Non va meglio se consideriamo il numero dei ricercatori italiani rispetto agli altri paesi, anche limitandoci a quelli più vicini. Con 4,9 ricercatori ogni mille lavoratori, il nostro Paese ne ha poco meno della metà della media dei paesi dell’OCSE (8,2), e meno della Spagna (6,6), e ovviamente di paesi come la Germania (9), Gran Bretagna (9,2) e Francia (10). Coerentemente, siamo gli ultimi in Europa riguardo alla percentuale di laureati tra i giovani fra i 25 e i 34 anni: solo il 24%.
E’ ora quindi di prendere molto sul serio il nostro deficit nel campo della ricerca e dell’istruzione superiore e farne un punto qualificante nei programmi elettorali dei partiti. Negli ultimi mesi, un segnale incoraggiante è arrivato dal finanziamento alla ricerca di base con il bando PRIN (Progetti di Ricerca di Interesse Nazionale) del MIUR, che per la prima volta si è attestato sui 400 milioni di euro, seguito dal finanziamento dei dipartimenti universitari più meritevoli secondo le valutazioni dell’Agenzia Anvur. Ma si tratta ancora di interventi estemporanei che vanno resi costanti e sistematici, inseriti in una programmazione nazionale che porti molto rapidamente l’Italia a investire in ricerca e sviluppo almeno il 2-2,5% del PIL, creando anche le opportune facilitazioni ai privati per aumentare il loro contributo, in Italia particolarmente basso.

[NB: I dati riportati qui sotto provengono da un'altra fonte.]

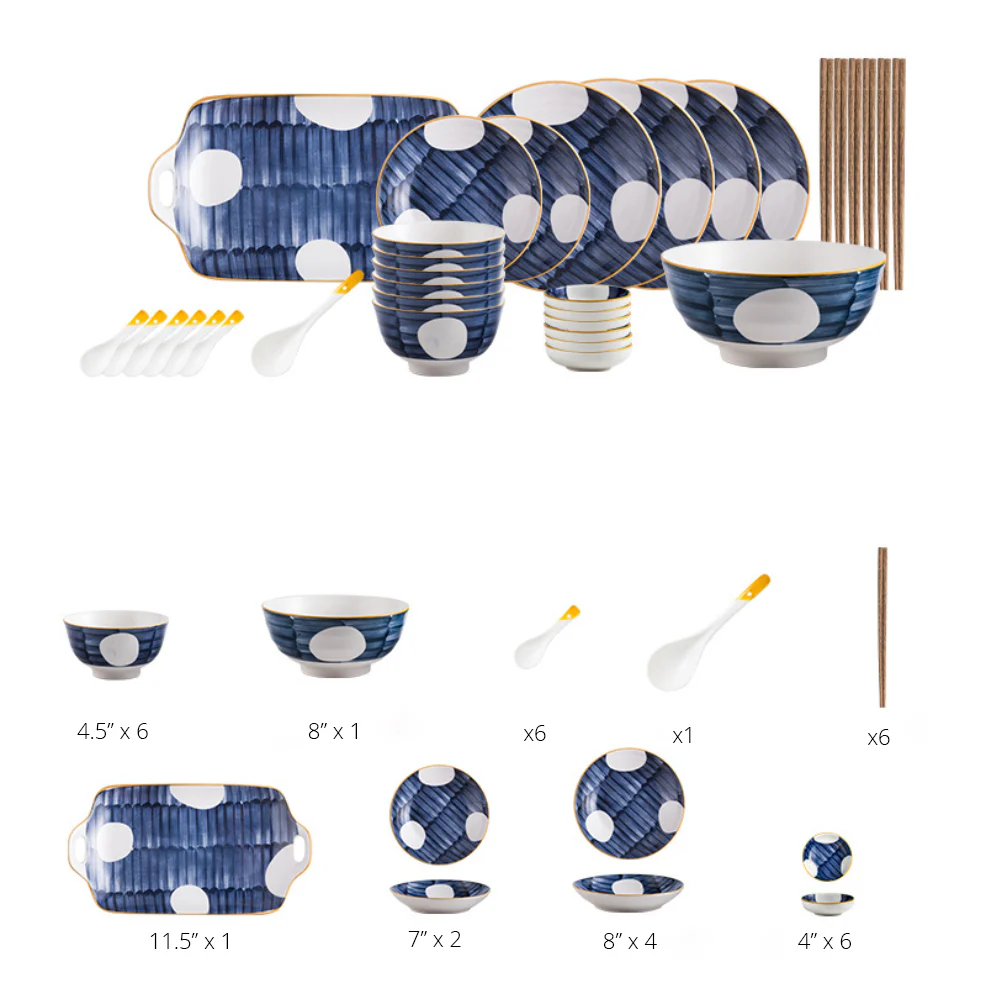 Hand painted Dinner Set Nitori - Image 17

Tutti i centri di ricerca italiani devono prima di tutto poter contare su una dotazione adeguata per sviluppare le loro linee di ricerca, che spesso riescono ad essere ancora competitive in ambito internazionale grazie all’impegno quasi volontario dei giovani che ancora credono nel loro lavoro e che, peraltro, vengono pagati circa la metà dei loro colleghi all’estero. E’ necessario creare un ambiente fertile di innovazione locale (“ricerca diffusa”) finanziando non solo i gruppi di eccellenza già consolidati (che spesso già riescono ad attrarre finanziamenti dalla Commissione Europea) ma anche i gruppi giovani e promettenti, che non hanno ancora la solidità e l’autorevolezza per poter aspirare a un finanziamento internazionale. Solo così si creerà un ecosistema favorevole all’innovazione e capace di attrarre talenti dall’estero.
Garantita la ricerca diffusa, bisogna poi aumentare il finanziamento competitivo - quindi attraverso bandi - che nel nostro paese rappresenta ancora una percentuale infima rispetto al budget totale allocato annualmente alle Università e agli Enti di ricerca, erogato per lo più attraverso fondi ordinari, che a malapena pagano gli stipendi del personale e solo marginalmente son finalizzati a specifici progetti di ricerca. Anche per questo, da anni il Gruppo 2003 per la ricerca invoca la creazione di una Agenzia nazionale che valuti in modo indipendente la qualità dei progetti e li finanzi di conseguenza, come da anni fanno le charities come Telethon e AIRC, l’associazione italiana per la ricerca sul cancro. Non c’è paese sviluppato che non abbia una o più agenzie di questo tipo, capaci di far crescere sempre più la competitività internazionale dei loro gruppi di ricerca.
Chi si appresta a governare il paese nei prossimi anni non può ignorare l’appello che giunge dal mondo della ricerca. Solo potenziando istruzione universitaria, scienza e tecnologia, e promuovendo il trasferimento delle scoperte di base alle aziende del paese, l’Italia può ambire a mantenere il suo status di paese sviluppato e giocare un ruolo nella nuova “economia della conoscenza” che sta plasmando il mondo di domani.
Nicola Bellomo, Maria Pia Abbracchio
Presidente, Vice-Presidente di Gruppo 2003 per la ricerca
L’articolo è apparso in forma leggermente ridotta come Editoriale sul Corriere della Sera il 7 febbraio 2018, pag. 26.